A first crop of people have now watched the Borderlands movie, and following the lifting of a social media embargo have shared their opinions, which are mostly that it is pretty bad. Critics and early viewers from a fan event are being very blunt and very frank: They did not like it much. We’re seeing words like “lifeless” and “obnoxious” and “baffling.” Praise is pretty thin on the ground among these first responses, and faint when it does appear—with an exceptional few giving short, relatively positive summaries.
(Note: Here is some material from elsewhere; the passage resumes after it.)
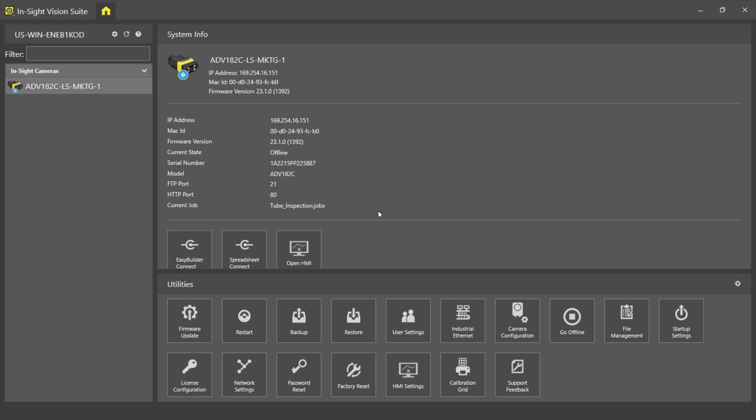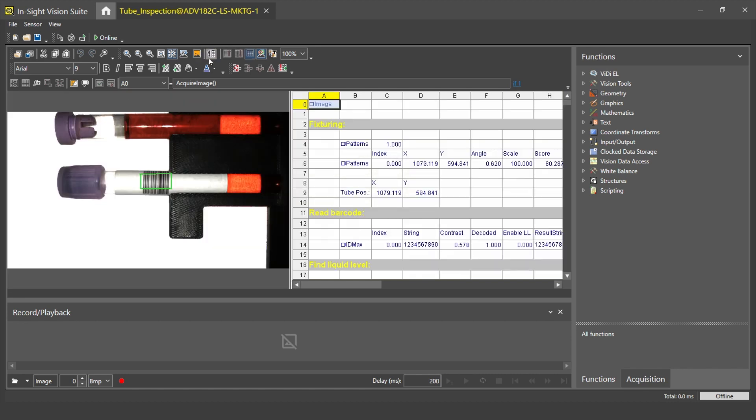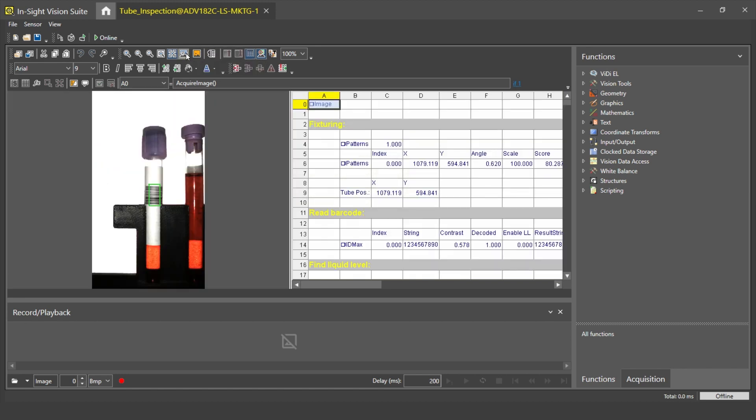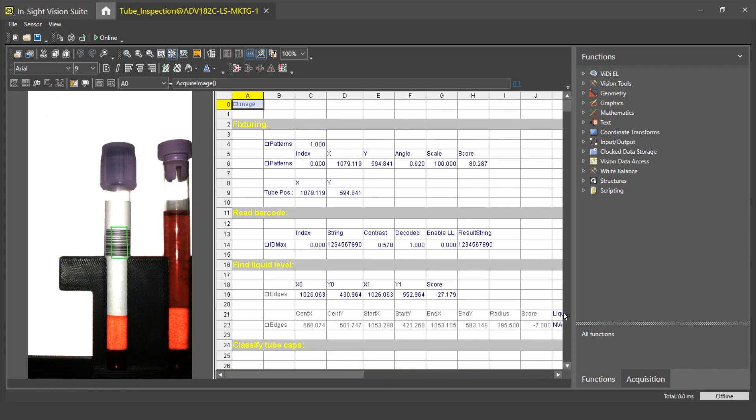Before I begin the demonstration, I connect to the spreadsheet editor in the In-Sight Vision Suite to edit my job file. I quickly adjust the screen to make sure that we can see the image better. As you can see, I already created a basic job file which can fixture the test tube, read the 5mm barcode from them, and also detect the liquid level.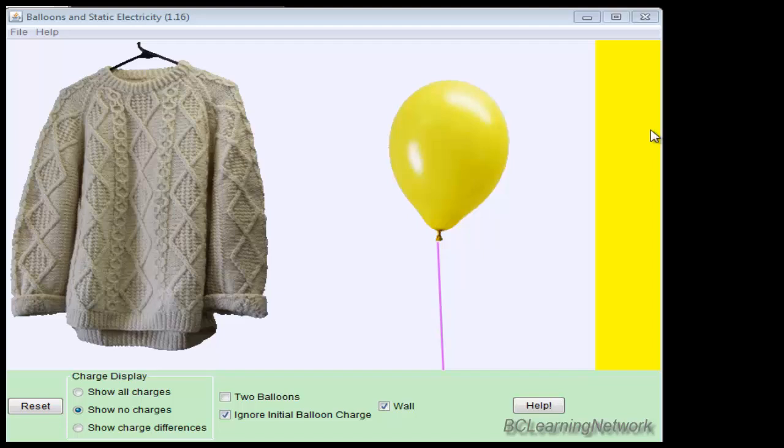Welcome back. Today we're going to use this PhET simulation called Balloons and Static Electricity to try and understand why charged objects are attracted to neutral objects.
I hope that nobody is surprised by this reaction: That would mean they missed the copious quantities of people dunking on this movie after the first, then second, then final trailers debuted. A wacky big-budget adaptation of a videogame franchise being roundly panned is almost a fait accompli—especially one that has little to immediately recommend it aside from star power and budget.
“I really wanted to like it,” said reporter Matthew Simpson (via GamesRadar), who went on to say that it had an “uninspired plot” and “several phoned in performances.”
The Borderlands movie is an action comedy directed by Eli Roth, and stars people like Jack Black, Kevin hart, Ariana Greenblatt, Jamie Lee Curtis, Florian Munteanu, and Cate Blanchett as characters from the first game—Claptrap, Roland, Lilith, and the rest—going on an adventure to, of course, rob an ancient and secret vault of its copious treasures.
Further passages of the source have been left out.